## The data
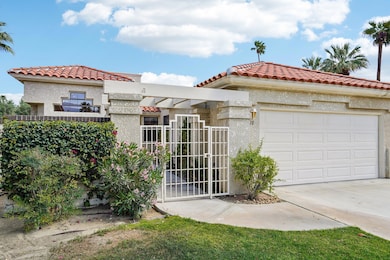 110 Celano Cir, Palm Desert, CA 92211 - photo 2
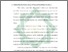 [thumbnail of Bab 4.pdf]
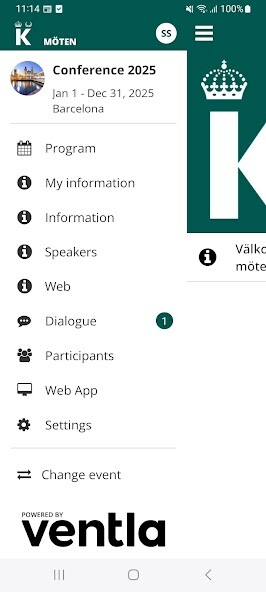 Run android online APK K Möten from MyAndroid or emulate K Möten using MyAndroid Run android online APK K Möten from MyAndroid or emulate K Möten using MyAndroid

## Problem description
Copy the line showing "[thumbnail of Bab 4.pdf]" exactly, along with each line after it through the end of the material above. Pictures stay out.

## Expected answer
 [thumbnail of Bab 4.pdf]
 Run android online APK K Möten from MyAndroid or emulate K Möten using MyAndroid Run android online APK K Möten from MyAndroid or emulate K Möten using MyAndroid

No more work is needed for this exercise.